Task description:
Any image in the records is to be skipped; everything else should be reproduced exactly.

Records supplied:
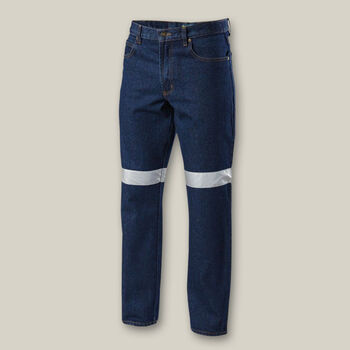 Enzyme Washed Taped Denim Jean
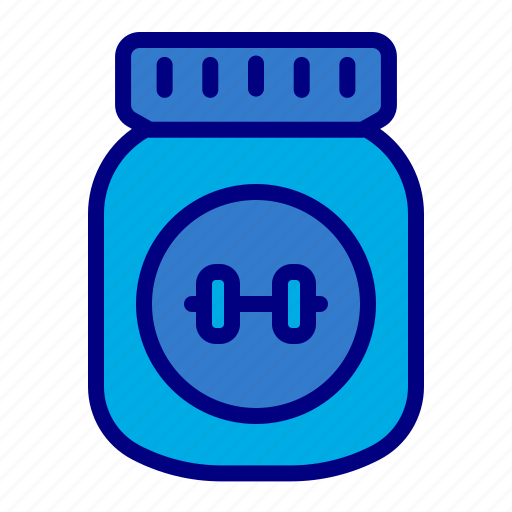 Supplement, food, protein, vitamin, gym, body, building icon - Download on Iconfinder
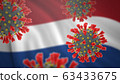Concept of new coronavirus epidemic outbreak in Netherlands 63433675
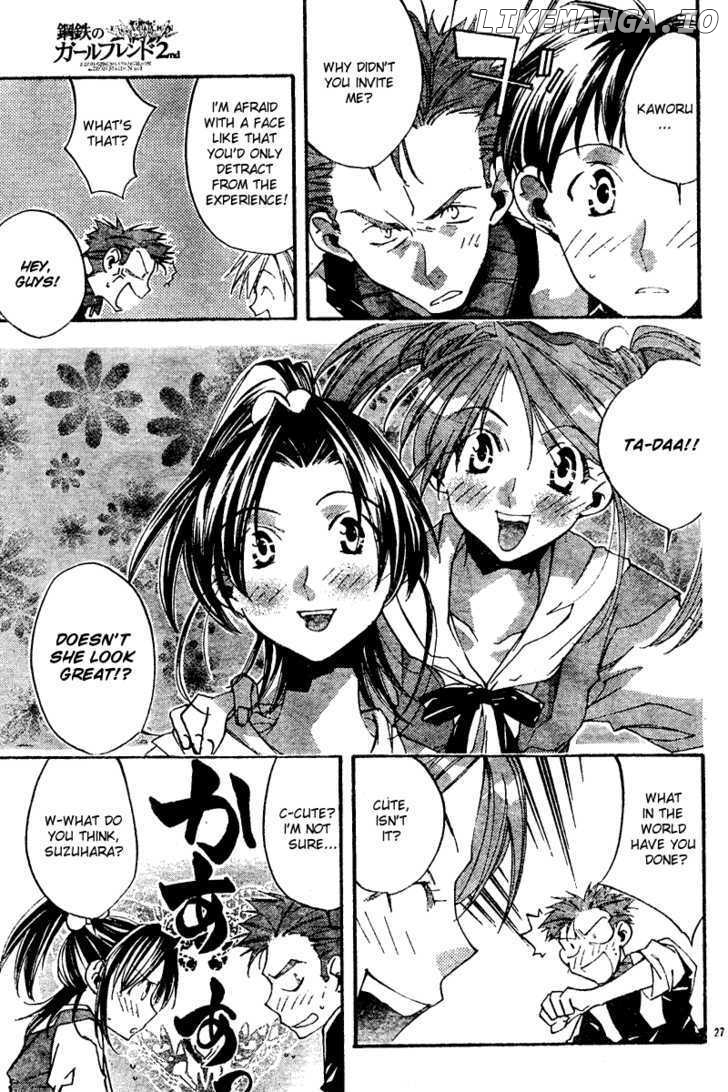 Neon Genesis Evangelion: Koutetsu no Girlfriend 2nd chapter 9 - page 27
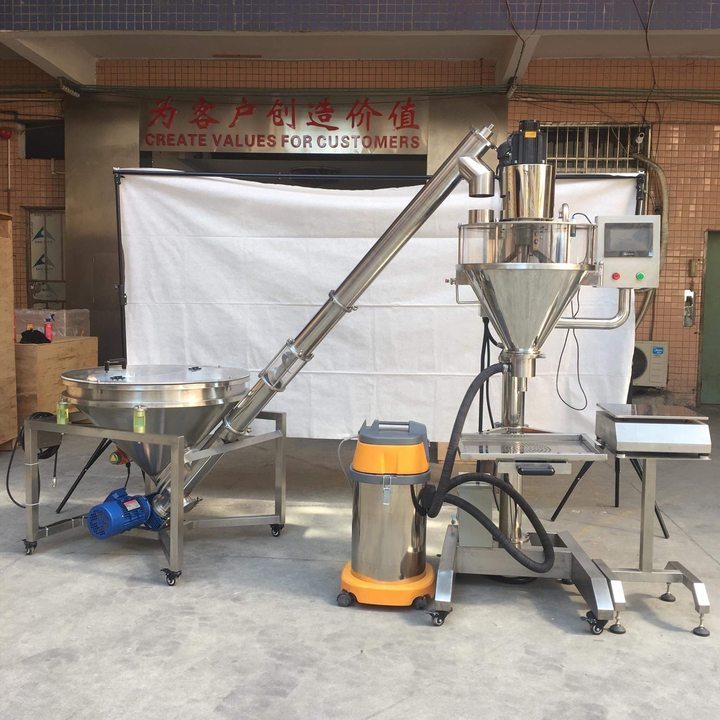 Semi Automatic High Accuracy Auger Filler Machine Net Weight Protein Spice Nutrition Powder Filling Packing Machine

Finished task:
 Enzyme Washed Taped Denim Jean
 Supplement, food, protein, vitamin, gym, body, building icon - Download on Iconfinder
Concept of new coronavirus epidemic outbreak in Netherlands 63433675
 Neon Genesis Evangelion: Koutetsu no Girlfriend 2nd chapter 9 - page 27
 Semi Automatic High Accuracy Auger Filler Machine Net Weight Protein Spice Nutrition Powder Filling Packing Machine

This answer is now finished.